Ancient History -- This bug plagued wiki for a year or so. None of the suggestions below worked. Nor did a half dozen others I tried. The problem went away when I upgraded to perl5 and tied in a different implementation of dbm. -- WardCunningham
One of my long standing WikiWikiBugs really has me stumped. I use Perl's associative array iteration construct,
while (($key, $value) = each %db) {...}to search pages of this database. I report the number of pages visited which is normally in the hundreds. I say normally because sometimes it stops early. This messes up my search command and could be catastrophic in my compress-database script. (Don't worry, I check.)

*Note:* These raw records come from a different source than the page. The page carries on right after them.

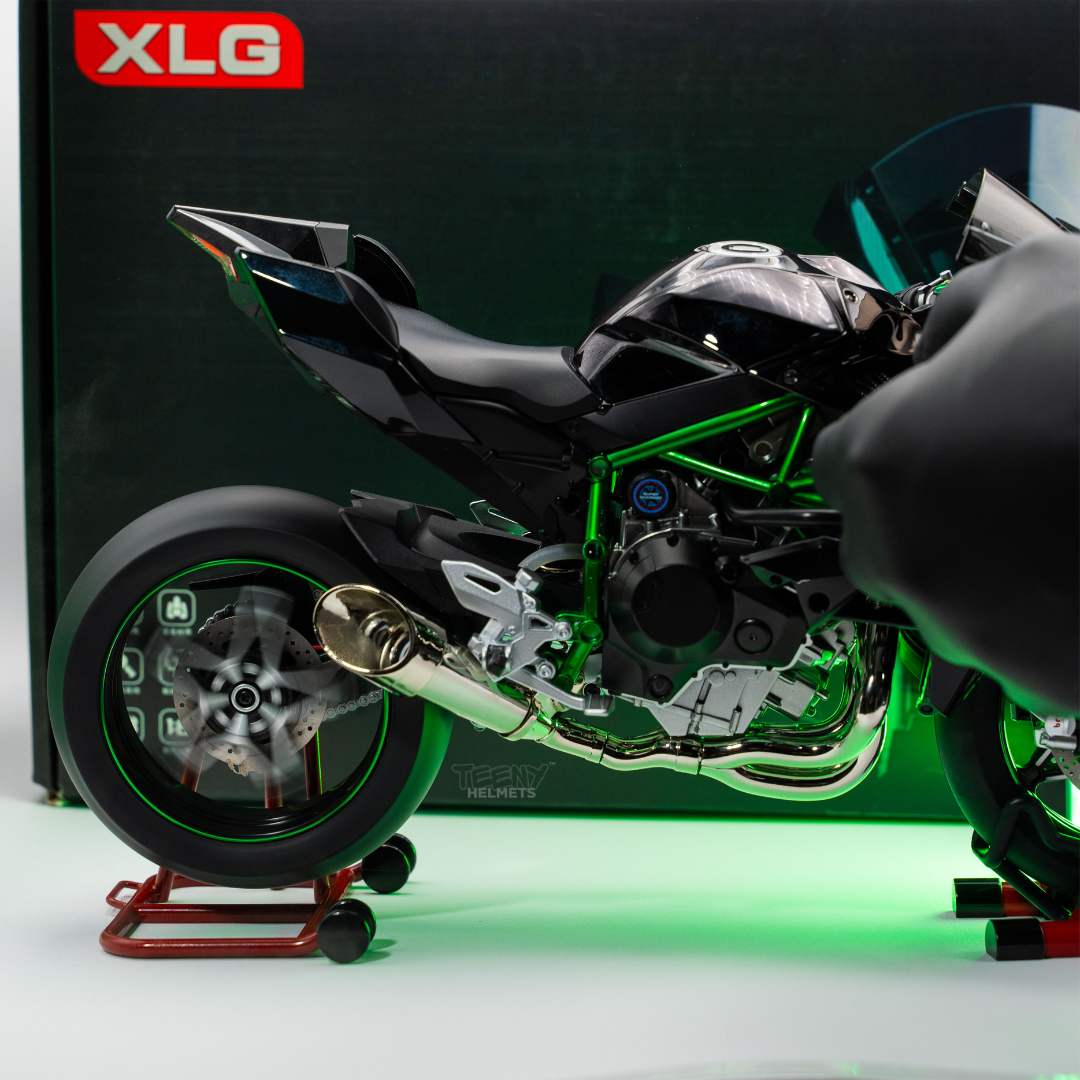 Kawasaki H2R | 1:6 Sound & Smoke Edition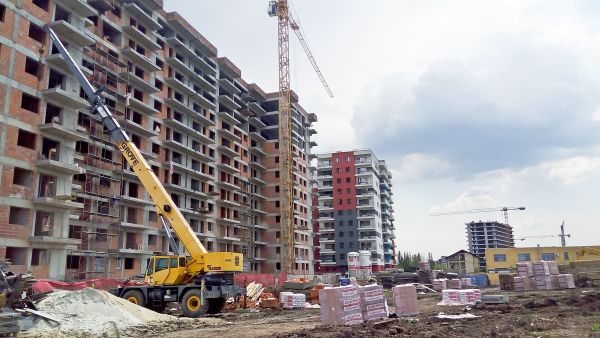 Autorizaţiile pentru construcţia de locuinţe au scăzut cu 4,6% în iulie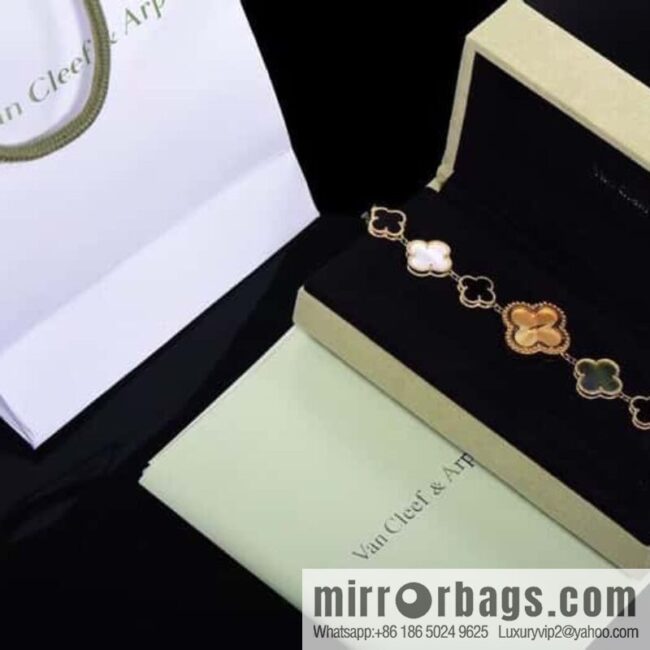 Van Cleef & Arpels -𝐕𝐚𝐧 𝐂𝐥𝐞𝐞𝐟 & 𝐀𝐫𝐩𝐞𝐥𝐬 Alhambra bracelet Swiss quartz watch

Does anyone know what is going on? My only other hint is that the problem corrects itself with the addition of another page. -- WardCunningham
Do you lock the database? I don't think UnixDbm? or the PerlDbmInterface? does this automatically. Thus, you may be seeing problems only when the iterator runs simultaneously with some other access. -- MarkEichin
Yes, now I do. When I first saw this problem I interpreted it as a WikiWikiDatabaseSerializationProblem, but now I think otherwise. -- WardCunningham
I suspect that this is related to a problem I've seen with just exactly this type of iteration. Try changing the loop to be a
foreach my $key (keys %hash) { my $value = $hash{$_}; # do the thing with $key and $value ... }When I changed it to this, an unpredictable and undependably irreproducible error that seemed to be related to memory management quit happening, and we were able to handle a lot more entries in the hash without running out of memory.
--- JoeMcMahon
I agree with Joe; use keys rather than each.
According to PERLFUNC(1)'s definition of each:
Calling keys grabs all the keys at once, and stores them in an array; you then iterate over the array. (Storing the keys for a few thousand page names should be okay.) --PaulChisholm
Using keys instead of each is an essential first step. The next step requires locking.
The generally accepted way of locking (via flock) a DBM file is to use a separate lock file. The prior accepted scheme -- extracting a file handle from the DBM and flock'ing the file handle -- has been shown to be unsafe.